Aim of the task: Set down exactly the lines running from the one with "16x9 Widescreen TV." to the last line of the listing below, both included, and skip every picture.

Start of Supplied information

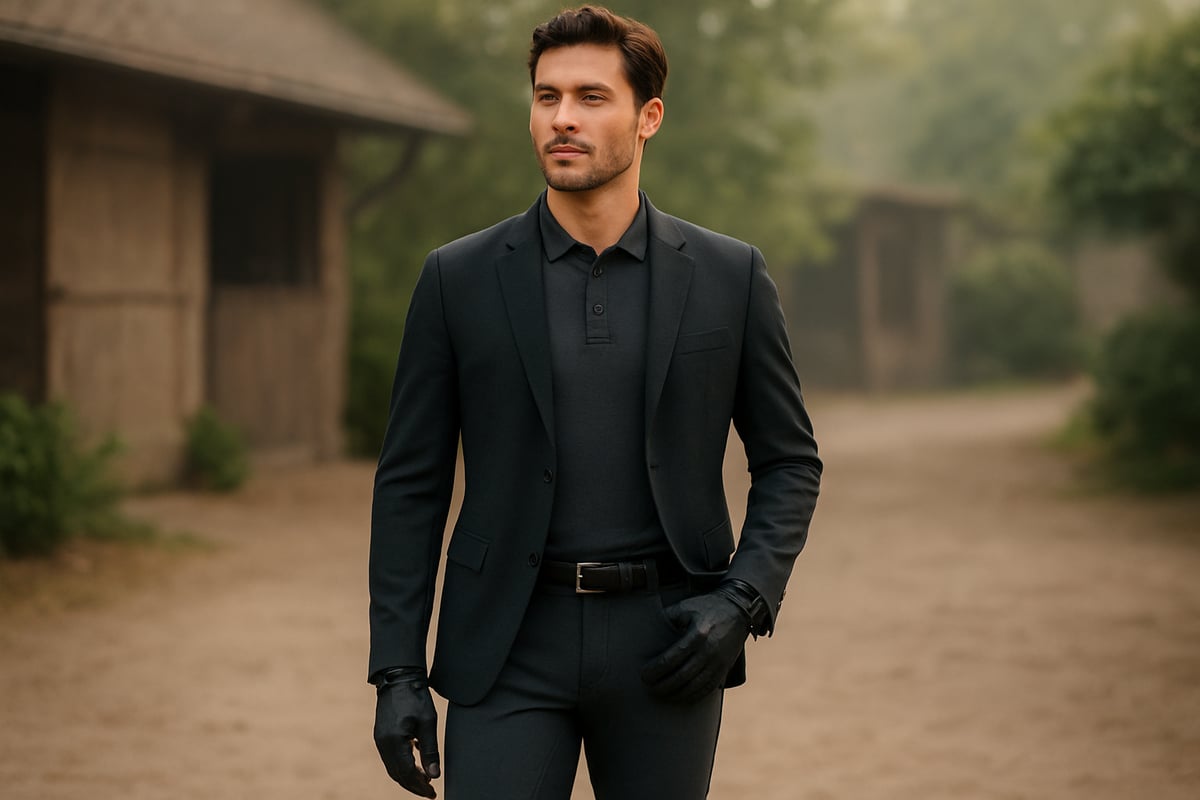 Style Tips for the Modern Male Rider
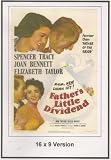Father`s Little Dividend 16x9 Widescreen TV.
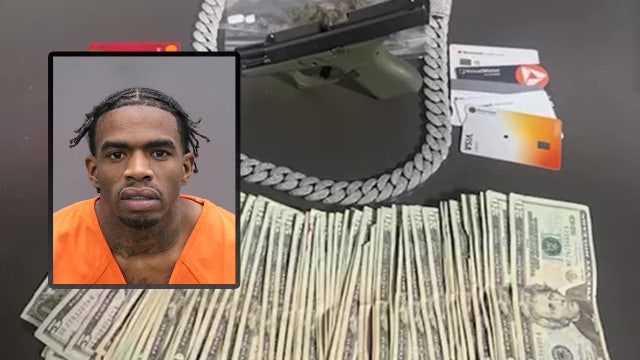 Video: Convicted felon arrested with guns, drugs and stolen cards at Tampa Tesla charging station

End of Supplied information

Exercise result:
Father`s Little Dividend 16x9 Widescreen TV.
 Video: Convicted felon arrested with guns, drugs and stolen cards at Tampa Tesla charging station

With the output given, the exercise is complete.